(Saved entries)
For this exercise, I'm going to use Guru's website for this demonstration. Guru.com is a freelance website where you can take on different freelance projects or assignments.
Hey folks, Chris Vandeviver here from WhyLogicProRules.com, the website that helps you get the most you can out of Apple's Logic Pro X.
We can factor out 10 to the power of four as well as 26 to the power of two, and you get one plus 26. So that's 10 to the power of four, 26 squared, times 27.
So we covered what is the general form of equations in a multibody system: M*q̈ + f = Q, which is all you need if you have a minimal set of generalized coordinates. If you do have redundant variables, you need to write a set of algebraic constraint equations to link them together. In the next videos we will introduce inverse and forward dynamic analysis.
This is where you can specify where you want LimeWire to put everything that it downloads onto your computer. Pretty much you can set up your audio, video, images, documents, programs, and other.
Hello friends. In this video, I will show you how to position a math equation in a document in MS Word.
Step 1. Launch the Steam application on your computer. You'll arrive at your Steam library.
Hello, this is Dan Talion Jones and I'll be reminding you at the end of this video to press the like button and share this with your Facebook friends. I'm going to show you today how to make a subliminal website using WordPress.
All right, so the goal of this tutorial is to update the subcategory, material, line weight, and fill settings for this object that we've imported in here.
---
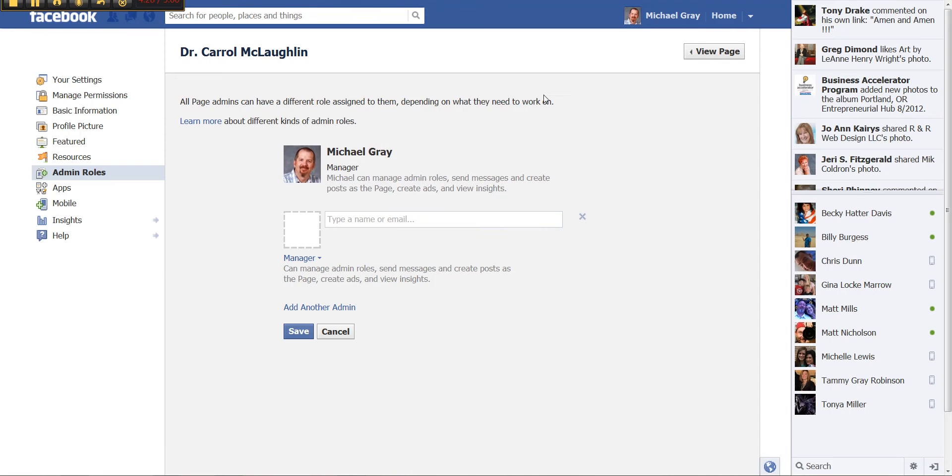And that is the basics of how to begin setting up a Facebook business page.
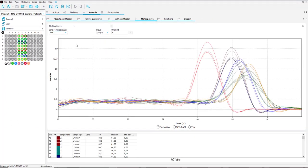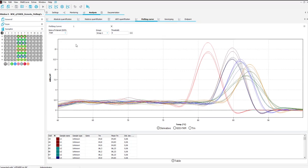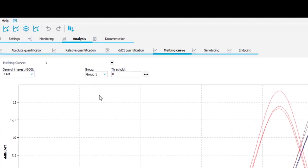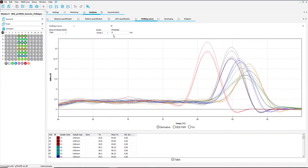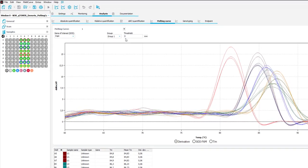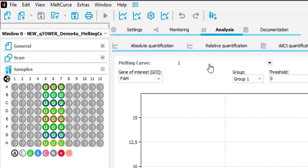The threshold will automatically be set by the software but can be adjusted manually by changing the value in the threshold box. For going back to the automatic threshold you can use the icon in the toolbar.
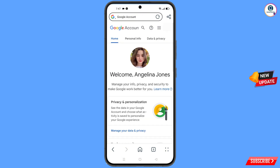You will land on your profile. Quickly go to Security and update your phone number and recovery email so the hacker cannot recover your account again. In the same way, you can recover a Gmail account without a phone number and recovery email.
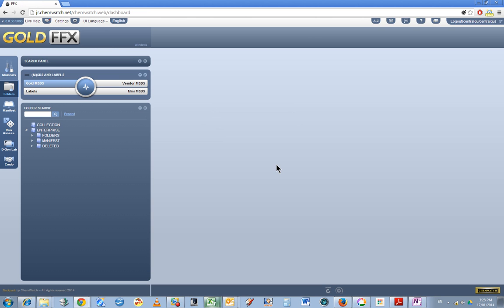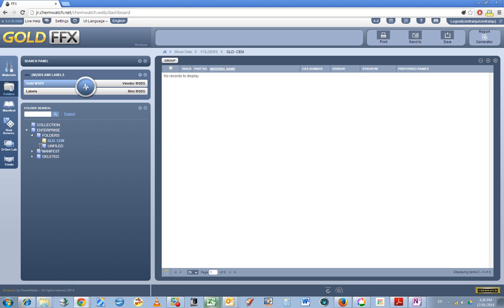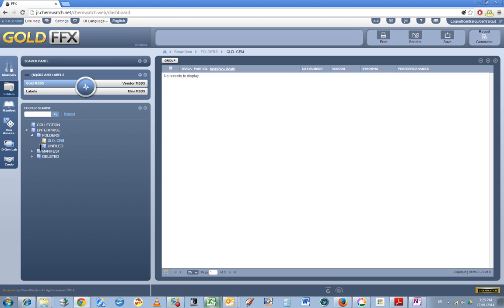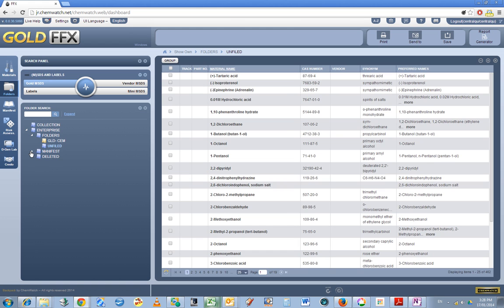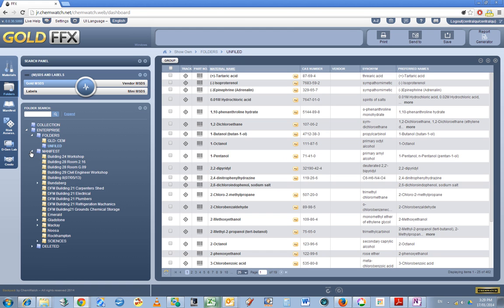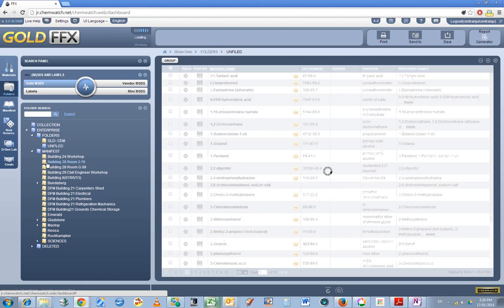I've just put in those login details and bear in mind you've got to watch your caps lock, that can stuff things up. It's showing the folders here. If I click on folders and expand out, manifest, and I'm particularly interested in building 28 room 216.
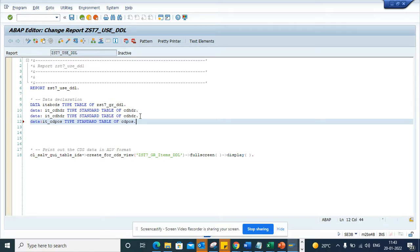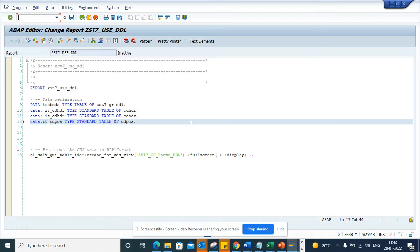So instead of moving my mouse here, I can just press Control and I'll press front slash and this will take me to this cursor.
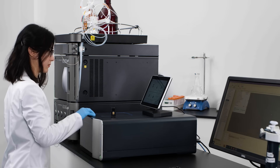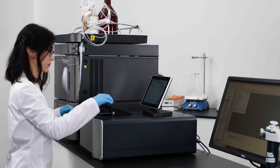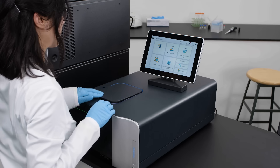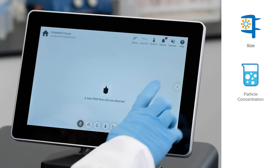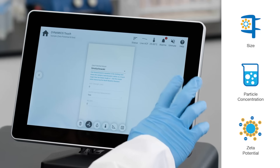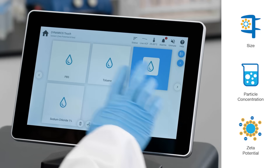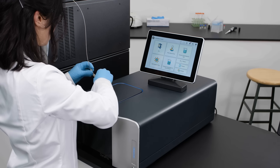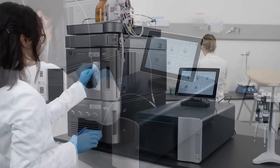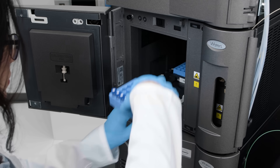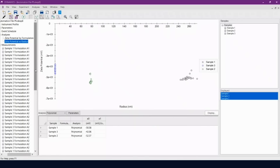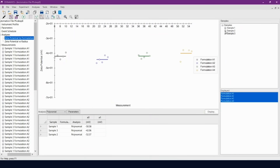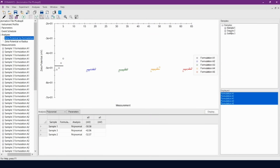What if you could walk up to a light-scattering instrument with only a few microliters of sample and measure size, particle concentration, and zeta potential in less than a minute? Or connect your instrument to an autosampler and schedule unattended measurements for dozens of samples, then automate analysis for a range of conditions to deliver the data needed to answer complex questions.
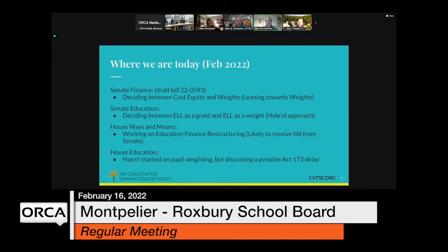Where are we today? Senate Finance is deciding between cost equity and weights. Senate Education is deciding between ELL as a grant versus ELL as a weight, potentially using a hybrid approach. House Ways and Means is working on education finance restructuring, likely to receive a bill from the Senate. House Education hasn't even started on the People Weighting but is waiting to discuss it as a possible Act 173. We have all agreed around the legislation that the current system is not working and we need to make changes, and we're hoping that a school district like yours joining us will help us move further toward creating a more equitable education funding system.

### EXERCISE
Working from the entries above, please transcribe only the lines from the line with "And that is" through the line with "So instead of", exactly, with both end lines and without pictures.

### REPLY TO THE TASK
And that is the basics of how to begin setting up a Facebook business page.
The threshold will automatically be set by the software but can be adjusted manually by changing the value in the threshold box. For going back to the automatic threshold you can use the icon in the toolbar.
You will land on your profile. Quickly go to Security and update your phone number and recovery email so the hacker cannot recover your account again. In the same way, you can recover a Gmail account without a phone number and recovery email.
I've just put in those login details and bear in mind you've got to watch your caps lock, that can stuff things up. It's showing the folders here. If I click on folders and expand out, manifest, and I'm particularly interested in building 28 room 216.
So instead of moving my mouse here, I can just press Control and I'll press front slash and this will take me to this cursor.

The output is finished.